NR | 16 min 55 sec | Drama, Comedy | 1952
As Koster’s film opens, Steinbeck tells of how William Sydney Porter, an American literary treasure, better known by his pen name, O. Henry, wasn’t just a writer of short fiction, but was also a social critic, a humorist, and a word technician: “Our folklore is full of O. Henry, his courage, his gaiety, and his people. He wrote so many good stories, it’s hard to choose. Here’s one in point.”
Every winter in 1900s Blackwell’s Island, professional vagabond, the portly Soapy (Charles Laughton) relies on pretended petty crime to land himself in the warm confines of prison. Pretended, because Soapy’s no criminal. Any crime will do, serious or staged, because even the worst prisons help him escape the icy wind and snow that New York’s homeless brave each year.

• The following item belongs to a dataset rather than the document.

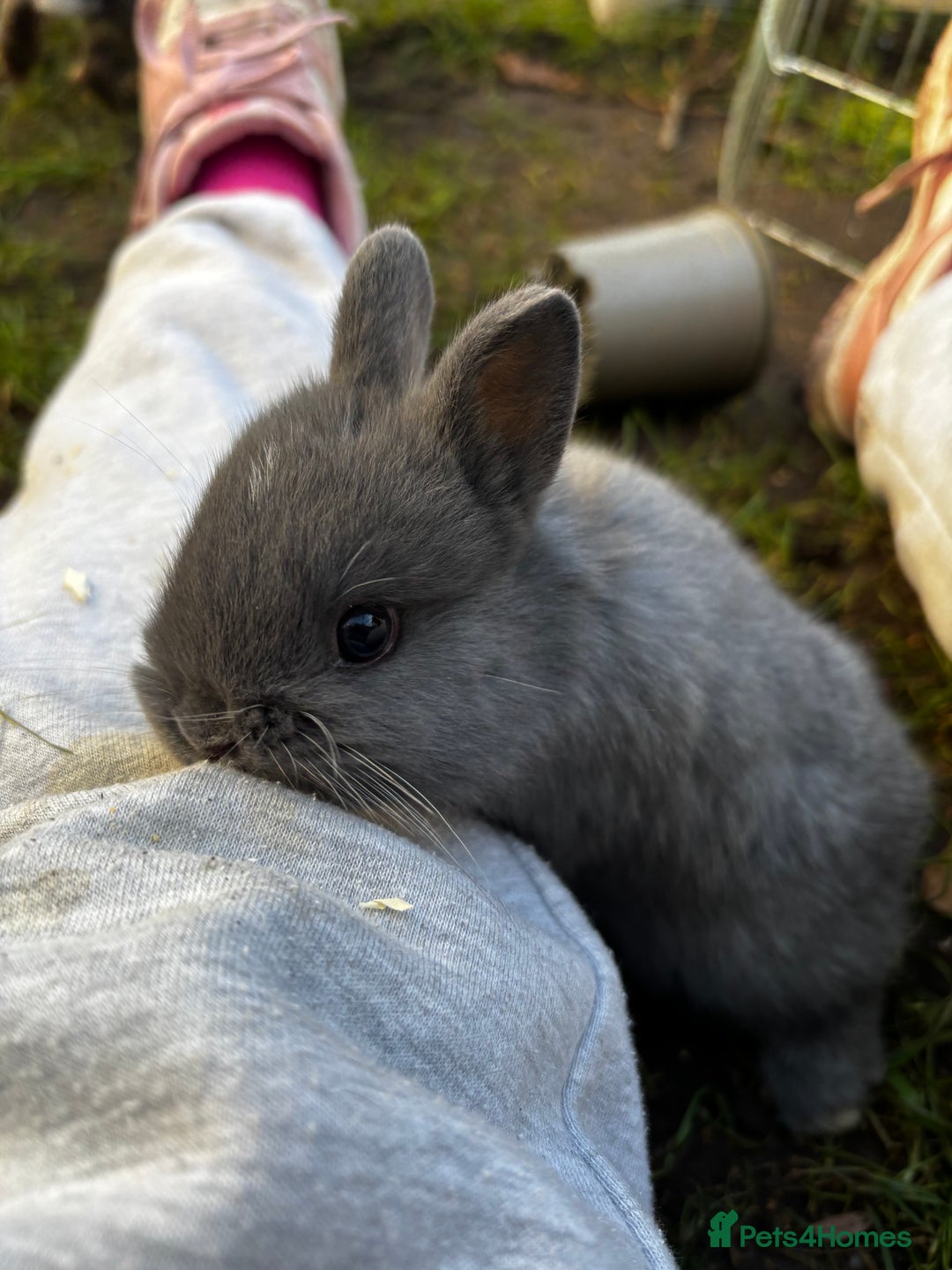 Netherland Dwarf rabbits for sale: Pure Netherland dwarf  - Advert 4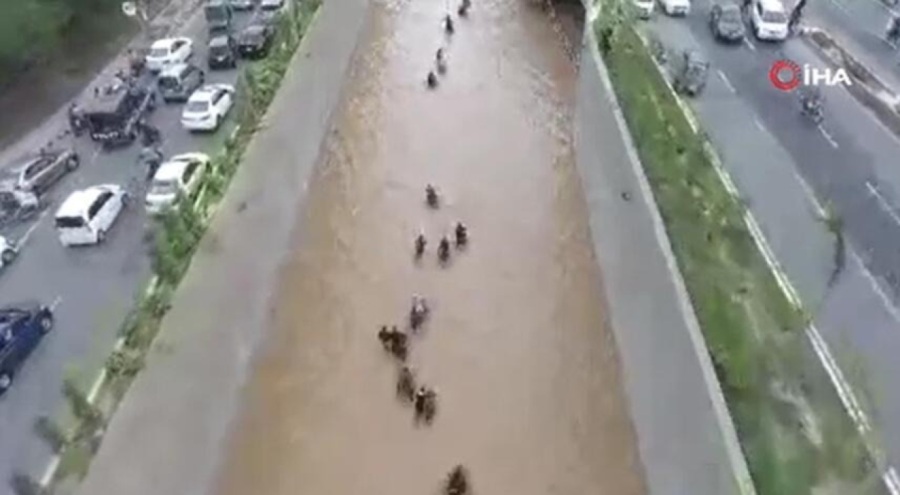 Pakistan'da şiddetli yağış can aldı!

Henry uses the literary tool of farce to show how goodness sometimes resides in the unlikeliest of people and places. Each instance of Soapy’s pretended villainy (theft, assault, vandalism, harassment), eyeing a warm prison bed, finds others beating him to it, or mistaking his villainy for virtue, or judging his misdemeanors too minor to bother the penal system with.
Prison bars loom large in Koster’s first scene. A cop accompanies a respectable-looking man to his cell, who, on observing inmates in neighboring cells, sits down to write. As the camera zooms in on the thoughtful, silhouetted figure, Steinbeck’s voice rings out, “That man with the pencil is the real star of this picture,” a reference to O. Henry’s years in prison, among his most prolific as a writer.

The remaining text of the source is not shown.